Many who adhere to philosophical naturalism or materialism call claims that supernatural events occurred in the past (and are possible today) illogical because of their pre-commitment to a view of the world that precludes anything that transcends nature. They equate being rational with holding to some form of naturalism and therefore conclude that any claim that contradicts naturalism is irrational. But this is fallacious. It will not do to dismiss miracles out of hand on the grounds that nature is all there is. That’s the very question at the heart of the dispute between the Christian theist and the atheist. If we inhabit a universe created, upheld, and governed by a transcendent, omnipotent, all-wise God, then there is no problem with the possibility of miracles. One can only claim that miracles are impossible if, in fact, one knows that God is not there. But as the late Greg Bahnsen noted, “The denial of the very possibility of miracles is not a piece of evidence for rejecting the Christian worldview, but simply a specific manifestation of that very rejection.”

Atheists and materialists aren’t the only ones who might use the adjective “illogical” to describe reported miracles, however. Some Christians, too, though they believe the biblical reports of miraculous occurrences and that God is able to perform them today, claim that miracles themselves or belief in them is illogical. By this, they mean to emphasize the fact that miracles surpass our ability to comprehend. We can say that God has performed them, but we don’t know how He did. That’s true as far as it goes. But there’s a substantial difference between saying that something is beyond reason and saying that it actually contradicts it.

The problem with both uses of the word “illogical” is that they are the result of an imprecise definition of the word. To say that something is illogical is to say that it violates the basic principles of reasoning, commonly known as the laws of logic. These norms of thought (the law of non-contradiction, the law of identity, and the law of excluded middle) are essential to reasoning and communication. The law of non-contradiction affirms that something cannot be A (where A represents a particular quality) and non-A at the same time and in the same manner. It’s possible for a ball to be black and white at the same time if it’s striped or spotted, for example; but it’s not possible for it to be uniformly black and white at the same time. With regard to propositions, the law of non-contradiction says that one cannot be true and false at the same time, in the same respect.

The law of identity states that a thing is itself or “A is A.” In their book, Apologetics at the Cross, Joshua Chatraw and Mark Allen note that the significance of this law is “that all things have certain qualities that can be described—qualities that set them apart from everything else.” “Without such qualities,” they continue, “we could not identify something in the first place.”

Finally, the law of excluded middle states that a thing is either A or non-A. An assertion is either true or not true.

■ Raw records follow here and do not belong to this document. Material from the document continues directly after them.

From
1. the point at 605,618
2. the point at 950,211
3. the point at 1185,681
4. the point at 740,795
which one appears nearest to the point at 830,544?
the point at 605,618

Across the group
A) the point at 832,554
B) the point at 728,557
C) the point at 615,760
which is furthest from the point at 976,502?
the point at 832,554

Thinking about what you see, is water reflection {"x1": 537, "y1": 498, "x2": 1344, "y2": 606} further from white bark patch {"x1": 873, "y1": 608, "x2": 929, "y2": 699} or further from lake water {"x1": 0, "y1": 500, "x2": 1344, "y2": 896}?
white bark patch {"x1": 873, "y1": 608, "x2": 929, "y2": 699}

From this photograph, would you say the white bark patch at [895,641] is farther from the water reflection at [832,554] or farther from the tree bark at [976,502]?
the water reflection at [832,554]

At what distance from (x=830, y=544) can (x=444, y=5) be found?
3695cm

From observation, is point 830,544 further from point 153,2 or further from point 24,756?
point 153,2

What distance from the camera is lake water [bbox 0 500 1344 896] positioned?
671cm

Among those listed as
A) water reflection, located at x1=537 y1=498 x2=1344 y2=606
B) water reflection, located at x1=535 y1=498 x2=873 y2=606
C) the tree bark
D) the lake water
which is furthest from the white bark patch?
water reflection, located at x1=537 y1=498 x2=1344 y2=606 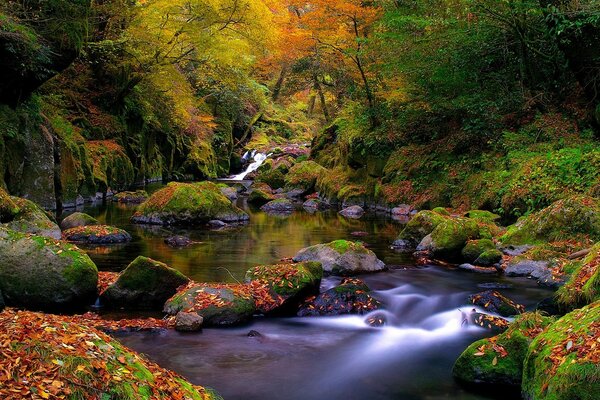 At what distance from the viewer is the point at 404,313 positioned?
720 centimetres

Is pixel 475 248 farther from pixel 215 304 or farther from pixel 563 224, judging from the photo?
pixel 215 304

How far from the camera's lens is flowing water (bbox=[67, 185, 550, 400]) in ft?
16.3

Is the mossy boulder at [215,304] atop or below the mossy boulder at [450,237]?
below

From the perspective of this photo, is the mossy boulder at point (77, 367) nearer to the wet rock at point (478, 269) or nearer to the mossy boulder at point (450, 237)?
the wet rock at point (478, 269)

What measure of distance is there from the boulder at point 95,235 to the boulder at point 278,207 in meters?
7.79

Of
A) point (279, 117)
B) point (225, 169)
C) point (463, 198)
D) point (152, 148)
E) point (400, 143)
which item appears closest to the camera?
point (463, 198)

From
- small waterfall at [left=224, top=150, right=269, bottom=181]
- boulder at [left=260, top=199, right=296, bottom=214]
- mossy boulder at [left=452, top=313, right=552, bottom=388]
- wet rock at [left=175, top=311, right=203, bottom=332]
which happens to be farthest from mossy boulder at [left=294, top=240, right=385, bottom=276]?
small waterfall at [left=224, top=150, right=269, bottom=181]

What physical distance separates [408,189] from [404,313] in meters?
11.1

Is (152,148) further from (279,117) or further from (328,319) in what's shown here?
(328,319)

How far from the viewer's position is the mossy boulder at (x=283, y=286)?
22.7 ft

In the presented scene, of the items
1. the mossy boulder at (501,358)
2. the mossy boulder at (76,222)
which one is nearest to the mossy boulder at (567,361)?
the mossy boulder at (501,358)

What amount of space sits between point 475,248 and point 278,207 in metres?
10.3

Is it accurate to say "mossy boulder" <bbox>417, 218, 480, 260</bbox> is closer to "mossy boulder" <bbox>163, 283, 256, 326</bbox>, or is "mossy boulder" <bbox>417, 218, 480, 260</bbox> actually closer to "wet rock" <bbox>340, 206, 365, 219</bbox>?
"mossy boulder" <bbox>163, 283, 256, 326</bbox>

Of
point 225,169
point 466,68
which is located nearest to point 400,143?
point 466,68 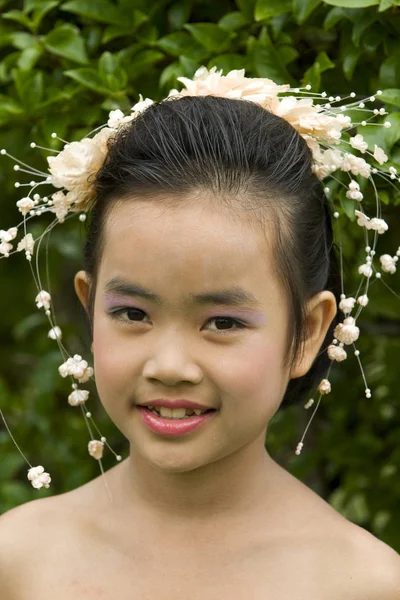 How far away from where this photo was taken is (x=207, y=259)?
2074 mm

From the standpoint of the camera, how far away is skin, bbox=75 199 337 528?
2.09 metres

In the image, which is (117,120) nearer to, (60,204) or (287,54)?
(60,204)

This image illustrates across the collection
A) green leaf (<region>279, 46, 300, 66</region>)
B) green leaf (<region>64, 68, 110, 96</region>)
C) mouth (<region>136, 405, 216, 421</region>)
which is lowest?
mouth (<region>136, 405, 216, 421</region>)

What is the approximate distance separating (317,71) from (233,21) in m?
0.33

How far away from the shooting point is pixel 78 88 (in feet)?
9.29

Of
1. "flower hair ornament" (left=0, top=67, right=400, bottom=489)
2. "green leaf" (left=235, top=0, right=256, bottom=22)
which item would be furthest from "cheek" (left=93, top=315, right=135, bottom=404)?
"green leaf" (left=235, top=0, right=256, bottom=22)

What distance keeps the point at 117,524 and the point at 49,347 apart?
4.97 feet

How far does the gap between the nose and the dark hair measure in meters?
0.25

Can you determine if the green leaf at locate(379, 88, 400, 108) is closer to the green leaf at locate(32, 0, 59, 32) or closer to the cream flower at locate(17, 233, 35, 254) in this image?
the cream flower at locate(17, 233, 35, 254)

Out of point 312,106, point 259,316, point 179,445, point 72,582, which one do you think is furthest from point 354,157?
point 72,582

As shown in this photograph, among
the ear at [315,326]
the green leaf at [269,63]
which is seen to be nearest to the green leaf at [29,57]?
the green leaf at [269,63]

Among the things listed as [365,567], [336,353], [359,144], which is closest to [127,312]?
[336,353]

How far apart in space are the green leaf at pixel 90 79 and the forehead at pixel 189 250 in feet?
2.21

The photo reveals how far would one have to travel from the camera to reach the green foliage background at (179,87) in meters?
2.60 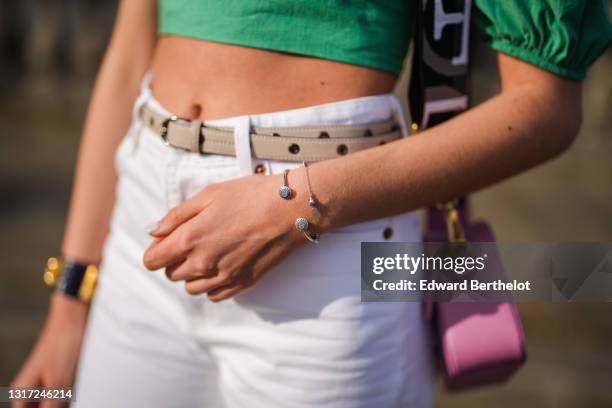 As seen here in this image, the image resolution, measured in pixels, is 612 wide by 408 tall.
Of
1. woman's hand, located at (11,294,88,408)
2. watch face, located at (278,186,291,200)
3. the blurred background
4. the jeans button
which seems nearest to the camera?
watch face, located at (278,186,291,200)

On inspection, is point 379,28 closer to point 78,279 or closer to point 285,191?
point 285,191

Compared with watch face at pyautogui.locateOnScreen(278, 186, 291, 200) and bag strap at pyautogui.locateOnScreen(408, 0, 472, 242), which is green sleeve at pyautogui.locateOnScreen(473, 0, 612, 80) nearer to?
bag strap at pyautogui.locateOnScreen(408, 0, 472, 242)

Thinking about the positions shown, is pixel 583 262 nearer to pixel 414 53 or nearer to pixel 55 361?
pixel 414 53

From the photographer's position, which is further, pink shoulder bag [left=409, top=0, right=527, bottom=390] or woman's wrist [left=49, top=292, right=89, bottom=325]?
woman's wrist [left=49, top=292, right=89, bottom=325]

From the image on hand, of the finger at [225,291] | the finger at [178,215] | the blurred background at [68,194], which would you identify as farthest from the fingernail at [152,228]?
the blurred background at [68,194]

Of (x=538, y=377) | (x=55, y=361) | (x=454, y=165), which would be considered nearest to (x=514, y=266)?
(x=454, y=165)

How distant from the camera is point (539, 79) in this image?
3.16 feet

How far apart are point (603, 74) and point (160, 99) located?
→ 4.89m

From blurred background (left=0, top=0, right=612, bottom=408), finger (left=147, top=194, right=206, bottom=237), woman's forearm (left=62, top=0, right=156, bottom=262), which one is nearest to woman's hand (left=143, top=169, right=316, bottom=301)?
finger (left=147, top=194, right=206, bottom=237)

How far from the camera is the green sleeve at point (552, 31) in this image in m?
0.95

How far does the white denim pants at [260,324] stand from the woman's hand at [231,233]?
0.05 m

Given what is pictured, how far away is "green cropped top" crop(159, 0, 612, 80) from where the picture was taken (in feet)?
3.13

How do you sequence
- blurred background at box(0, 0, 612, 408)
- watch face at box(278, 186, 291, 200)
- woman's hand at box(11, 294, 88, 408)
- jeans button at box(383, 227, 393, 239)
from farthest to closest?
blurred background at box(0, 0, 612, 408) → woman's hand at box(11, 294, 88, 408) → jeans button at box(383, 227, 393, 239) → watch face at box(278, 186, 291, 200)

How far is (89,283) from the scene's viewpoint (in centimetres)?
134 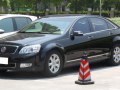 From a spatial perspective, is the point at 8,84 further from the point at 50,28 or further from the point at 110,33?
the point at 110,33

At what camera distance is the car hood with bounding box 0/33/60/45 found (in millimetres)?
10084

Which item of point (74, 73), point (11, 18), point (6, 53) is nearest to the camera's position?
point (6, 53)

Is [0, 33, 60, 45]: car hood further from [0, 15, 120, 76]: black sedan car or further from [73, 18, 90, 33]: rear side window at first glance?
[73, 18, 90, 33]: rear side window

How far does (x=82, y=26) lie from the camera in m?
11.4

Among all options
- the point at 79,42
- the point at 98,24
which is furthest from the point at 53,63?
the point at 98,24

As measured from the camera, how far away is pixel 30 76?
10516 millimetres

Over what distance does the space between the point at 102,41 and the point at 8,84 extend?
3.49 meters

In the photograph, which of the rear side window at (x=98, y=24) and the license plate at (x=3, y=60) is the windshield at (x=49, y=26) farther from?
the license plate at (x=3, y=60)

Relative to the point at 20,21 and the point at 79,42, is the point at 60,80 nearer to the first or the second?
the point at 79,42

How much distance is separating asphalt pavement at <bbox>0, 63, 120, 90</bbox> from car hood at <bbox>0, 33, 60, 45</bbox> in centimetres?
84

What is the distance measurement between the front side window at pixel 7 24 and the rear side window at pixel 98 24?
2.37 metres

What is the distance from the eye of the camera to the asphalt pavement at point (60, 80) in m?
8.92

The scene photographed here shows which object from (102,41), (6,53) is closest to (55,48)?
(6,53)

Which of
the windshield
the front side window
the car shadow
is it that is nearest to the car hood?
the windshield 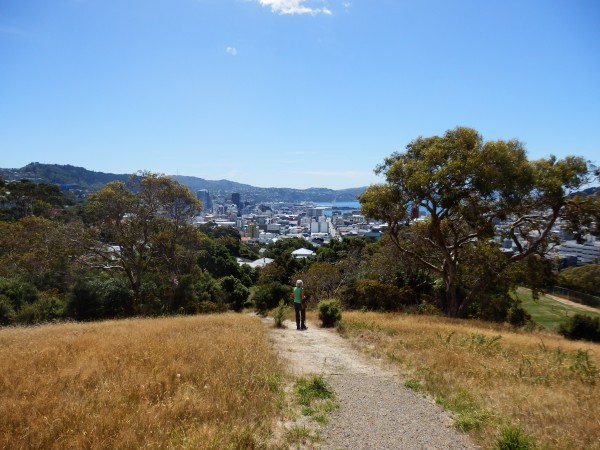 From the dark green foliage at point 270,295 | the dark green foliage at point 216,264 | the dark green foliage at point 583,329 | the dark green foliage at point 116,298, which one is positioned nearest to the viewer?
the dark green foliage at point 583,329

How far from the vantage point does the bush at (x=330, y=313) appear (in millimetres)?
12594

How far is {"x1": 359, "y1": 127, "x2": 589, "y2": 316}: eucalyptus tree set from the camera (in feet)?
43.7

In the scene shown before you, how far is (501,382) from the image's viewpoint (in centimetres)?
612

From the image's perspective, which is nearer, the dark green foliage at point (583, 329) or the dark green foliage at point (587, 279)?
the dark green foliage at point (583, 329)

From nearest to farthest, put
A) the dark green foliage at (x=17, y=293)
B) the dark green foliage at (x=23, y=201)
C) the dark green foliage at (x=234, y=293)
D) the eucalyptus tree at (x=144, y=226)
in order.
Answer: the dark green foliage at (x=17, y=293), the eucalyptus tree at (x=144, y=226), the dark green foliage at (x=234, y=293), the dark green foliage at (x=23, y=201)

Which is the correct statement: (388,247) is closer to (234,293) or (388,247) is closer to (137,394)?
(234,293)

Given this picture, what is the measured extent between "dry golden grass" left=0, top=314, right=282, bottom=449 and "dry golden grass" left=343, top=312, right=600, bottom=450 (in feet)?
8.44

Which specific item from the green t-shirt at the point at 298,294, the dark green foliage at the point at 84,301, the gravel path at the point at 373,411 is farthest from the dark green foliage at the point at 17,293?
the gravel path at the point at 373,411

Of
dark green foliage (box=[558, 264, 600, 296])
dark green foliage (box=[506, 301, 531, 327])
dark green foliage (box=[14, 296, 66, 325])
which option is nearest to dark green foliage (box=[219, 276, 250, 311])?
dark green foliage (box=[14, 296, 66, 325])

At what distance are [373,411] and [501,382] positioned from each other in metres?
2.53

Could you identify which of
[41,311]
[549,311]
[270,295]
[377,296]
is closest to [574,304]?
[549,311]

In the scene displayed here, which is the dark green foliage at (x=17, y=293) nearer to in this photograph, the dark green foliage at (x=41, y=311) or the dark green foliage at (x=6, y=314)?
the dark green foliage at (x=41, y=311)

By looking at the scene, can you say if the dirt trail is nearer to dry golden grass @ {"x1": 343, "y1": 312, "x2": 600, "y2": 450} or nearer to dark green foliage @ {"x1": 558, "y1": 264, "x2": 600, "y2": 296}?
dark green foliage @ {"x1": 558, "y1": 264, "x2": 600, "y2": 296}

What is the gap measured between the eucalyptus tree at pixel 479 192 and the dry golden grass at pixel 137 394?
31.5 ft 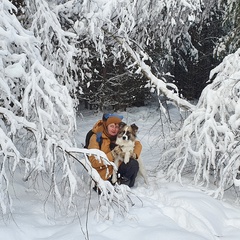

Someone might conclude on the basis of the observed regularity of nature that miracles are impossible and therefore conclude that they are illogical, but that would be faulty for two reasons. First, what we call the laws of nature are descriptions of how the world ordinarily functions, but they are not prescriptions of what must always be the case. Concerning this point, John Frame observes:

Certainly, in almost all our experience, things happen in regular patterns, to some extent describable by scientific law. But there is nothing in this experience to persuade us that irregularity is impossible, or that everything always behaves naturally and regularly. Experience tells us what is happening; it does not tell us what is or is not possible, or what “always” happens. We have not seen what everything always does, for we have neither seen everything nor seen things always.

Even if we granted that miracles are not physically possible (which I obviously don’t think we should), it would be erroneous to confuse physical impossibility with logical impossibility or illogic. At my age (let alone weight), it’s not physically possible for me to dunk a basketball. (Come to think of it, it never was!) But there’s nothing about the thought of my doing so that is contrary to any of the laws of logic.

Neither the miraculous events reported in the Bible nor believing in them inherently violates the laws of logic. Consequently, it’s not appropriate to describe them as illogical. Believers and unbelievers alike should refrain, therefore, from describing them as such.